Cell phones track our every move. A privacy advocate might see this as a problem. But an epidemiologist like Dr. Allison Aiello of the University of North Carolina sees it as an opportunity.
Aiello, along with researchers from across the country, recently published a paper showing that data from cell phones can be harnessed to identify people who are likely to contract the flu -- giving epidemiologists a potentially game-changing new tool in the fight against a disease that kills thousands of Americans every year.
"We believe this serves as a window into the future of epidemiological data collection," Aiello told The Huffington Post. Her colleagues agree.
"I think that the development of these kinds of models for medical data, where we can now collect data more frequently or in a more personalized manner, [for example by] using cell phones, is extremely important," Duke statistician Katherine Heller, a co-author on the paper, said in an email.
During the 2013 flu season, the study's authors gave 103 undergrads living in six University of Michigan dorms cell phones loaded with an app that used Bluetooth to record when they came into contact with one another. The undergrads also filled out a weekly online survey to report health-related behaviors, social interactions and flu symptoms. Anyone who reported flu symptoms was then tested for the flu virus.
This allowed the researchers to identify who contracted the flu after coming in contact with someone else in the cohort with the flu -- and what differentiated those people from others who did not contract the flu after such contact. They also monitored how long it took for people infected with the flu to recover.
They then used statistical analysis to develop an algorithm that predicts an individual's chance of becoming sick after exposure to the virus, based on behaviors such as sleep, drinking and smoking and personal traits such as sex, age and vaccination status.

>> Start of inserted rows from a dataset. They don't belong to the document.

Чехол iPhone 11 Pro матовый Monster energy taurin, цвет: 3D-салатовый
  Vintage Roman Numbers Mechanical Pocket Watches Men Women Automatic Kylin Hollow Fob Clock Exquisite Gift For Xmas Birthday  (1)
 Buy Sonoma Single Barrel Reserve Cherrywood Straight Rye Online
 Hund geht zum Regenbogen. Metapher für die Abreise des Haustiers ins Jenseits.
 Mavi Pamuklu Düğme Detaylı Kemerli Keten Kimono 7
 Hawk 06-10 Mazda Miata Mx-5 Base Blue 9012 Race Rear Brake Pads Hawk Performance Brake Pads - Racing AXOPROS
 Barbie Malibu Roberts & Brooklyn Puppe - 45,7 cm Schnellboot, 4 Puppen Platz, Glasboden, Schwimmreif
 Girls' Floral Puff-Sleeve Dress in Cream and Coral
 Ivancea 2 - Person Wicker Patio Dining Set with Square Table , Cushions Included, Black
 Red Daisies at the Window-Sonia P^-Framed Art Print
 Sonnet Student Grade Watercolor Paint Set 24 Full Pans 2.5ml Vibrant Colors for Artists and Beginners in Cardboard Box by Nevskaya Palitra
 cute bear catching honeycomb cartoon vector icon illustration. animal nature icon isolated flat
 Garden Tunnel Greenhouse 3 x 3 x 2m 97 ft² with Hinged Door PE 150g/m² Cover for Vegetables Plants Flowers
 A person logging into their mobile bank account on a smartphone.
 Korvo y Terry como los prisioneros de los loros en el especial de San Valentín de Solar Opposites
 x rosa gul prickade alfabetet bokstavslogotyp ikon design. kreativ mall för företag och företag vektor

The specifics of the algorithm aren't particularly surprising. People who drink and smoke are more susceptible to the flu and take longer to recover, while the opposite is true of those with good sleep and exercise habits. What makes the tool unusual, though, is that it takes all these factors into account at once to figure out each individual's likelihood of getting sick on any particular day.
Other researchers had previously built similar models, but they relied people self-reporting whom they'd interacted with -- which is highly prone to error -- rather than the direct observations that the cell phone data permitted.
The group studied by the researchers was too small and homogenous for the algorithm to be useful on a broad scale. But the researchers said they hoped this study would pave the way for more research that could lead to an algorithm that could predict anyone's chances of getting the flu -- allowing people to take measures that will keep them from getting sicker.